El Napoleón del siglo XXI, Emmanuel Jean-Michel Frédéric Macron, llegó a la presidencia de la República con solo 39 años, sin más experiencia política que unos meses en un ministerio de segunda fila. Le sobraban inteligencia, ambición, carácter, audacia y hasta suerte. Llegó como un vendaval: no dejaba de ser un inspector de Hacienda del montón, pero supo dotarse de un aura romántica; era pianista (luego supimos que mediocre), poeta (mejor pasar de puntillas por aquí), filósofo (de tercera), seductor (ahí sí, de división de honor) y daba los mejores discursos del Atlántico Norte. No tenía ideología, sino estrategia. No tenía un partido, sino un movimiento. No tenía enemigos, sino simples obstáculos. Iba a aprobar la reforma de pensiones que nadie había podido aprobar e iba a enfrentarse a los sindicatos: había sido un banquero de los Rothschild, aquellos del “compra cuando la sangre corra por las calles”. Y destrozó los viejos partidos de centroizquierda y centroderecha, esas reliquias del pasado que estaban provocando la ruina de Francia.

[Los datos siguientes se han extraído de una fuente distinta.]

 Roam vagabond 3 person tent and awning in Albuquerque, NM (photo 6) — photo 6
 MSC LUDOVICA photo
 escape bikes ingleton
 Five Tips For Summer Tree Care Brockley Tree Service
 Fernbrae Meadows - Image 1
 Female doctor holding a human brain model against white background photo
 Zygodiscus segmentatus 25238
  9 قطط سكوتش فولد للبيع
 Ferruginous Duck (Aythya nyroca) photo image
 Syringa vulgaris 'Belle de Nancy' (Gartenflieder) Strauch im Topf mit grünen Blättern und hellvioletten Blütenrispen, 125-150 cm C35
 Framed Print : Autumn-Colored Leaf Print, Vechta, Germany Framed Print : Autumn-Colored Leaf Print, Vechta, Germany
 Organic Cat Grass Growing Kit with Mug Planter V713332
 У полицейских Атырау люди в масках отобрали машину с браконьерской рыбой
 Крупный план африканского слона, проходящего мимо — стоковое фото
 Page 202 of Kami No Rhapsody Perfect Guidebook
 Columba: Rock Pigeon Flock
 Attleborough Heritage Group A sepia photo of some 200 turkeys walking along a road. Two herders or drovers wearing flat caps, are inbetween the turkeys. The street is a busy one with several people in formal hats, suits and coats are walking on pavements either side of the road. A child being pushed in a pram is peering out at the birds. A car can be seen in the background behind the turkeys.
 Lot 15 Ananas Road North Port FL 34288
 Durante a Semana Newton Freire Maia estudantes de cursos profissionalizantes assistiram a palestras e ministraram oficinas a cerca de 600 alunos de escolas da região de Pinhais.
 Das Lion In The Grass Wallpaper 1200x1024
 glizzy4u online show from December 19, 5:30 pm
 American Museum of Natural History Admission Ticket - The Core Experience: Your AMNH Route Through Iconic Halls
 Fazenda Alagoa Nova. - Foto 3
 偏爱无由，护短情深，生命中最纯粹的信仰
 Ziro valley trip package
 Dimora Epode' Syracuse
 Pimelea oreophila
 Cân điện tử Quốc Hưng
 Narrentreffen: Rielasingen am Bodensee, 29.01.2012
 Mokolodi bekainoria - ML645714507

¿Qué queda de aquel Napoleón sin uniforme ocho años después? Una sensación de fin de siècle: es un líder completamente aislado, detestado por una parte de su propia formación, metido en una espiral delirante de decadencia, con su popularidad hundida en el 14% y con Le Pen rayando en los sondeos a una altura cercana al 40%.
Macron convocó a los partidos de madrugada, casi a la desesperada, para tratar de salvar la pelota de partido. El presidente necesitaba imperiosamente nombrar a un primer ministro, el octavo en ocho años (luego hablamos de inestabilidad política en España) y sacar adelante un proyecto de presupuestos (de nuevo ecos de España por aquí). Tiene que aprobar un ajuste fiscal modesto para tratar de dejar el déficit en un 5% del PIB en 2026 (España acabará este año alrededor del 3%, y su economía crece el triple que la francesa). La deuda pública está en el 114% del PIB (por encima de la española), y la prima de riesgo francesa ha ido escalando a medida que la política se adentraba en el ruido y la furia: la poderosa Francia paga más intereses, fin de la comparación, que España. A Macron le queda un estrecho camino entre la espada y la pared: como única baza para salir del impasse y conseguir una tregua temporal puede usar el escaso apetito en los partidos de la Asamblea Nacional, salvo los extremos izquierdo y derecho, por adelantar elecciones.
Tiene que hacer equilibrismos para forjar una frágil mayoría. Es muy posible que los socialistas le exijan suspender la reforma de pensiones al menos hasta 2027, lo que reduciría a escombros su legado. Quedarán para la historia un buen puñado de discursos sobresalientes, en un francés majestuoso, y en un inglés con reminiscencias shakespearianas. Y al paso que va, nada más. Los discursos, las buenas razones, son fundamentales en política, pero sin hechos y sin eficacia no hay Maquiavelo que arregle el desaguisado. El establishment francés empieza a reclamar que saque adelante los presupuestos con un Gobierno técnico y adelante las elecciones cuanto antes. El brillante tecnócrata, el reformista sin partido, el filósofo y banquero reconvertido en presidente de la V República ha perdido pie. Resiste, se agarra al poder. Nada más.
Franz Reichelt, el sastre volador, saltó fatídicamente desde la torre Eiffel en 1912, con un traje paracaídas holgado, convencido de que su invento salvaría a miles de aviadores. Antes del salto hizo una pausa de 40 segundos. Cuando por fin se lanzó al vacío, la corriente del aire le enrolló la tela al cuerpo: cayó a plomo. Los 40 segundos de vacilación de Reichelt antes de saltar son una enmienda a la totalidad de la acción impetuosa; el hecho de que finalmente se lanzara abrió el camino hacia los paracaídas modernos. Macron está ante sus particulares 40 segundos. Debería aprovecharlos para remendar su paracaídas y lograr que su país salga del laberinto en el que lo ha metido. Si no lo consigue podría terminar —políticamente— como Reichelt, rompiéndose la crisma contra el frío pavimento de París. Y ojo, porque bajo los adoquines ya no está la playa, eso era en el 68. Ahora espera el fantasma de Le Pen.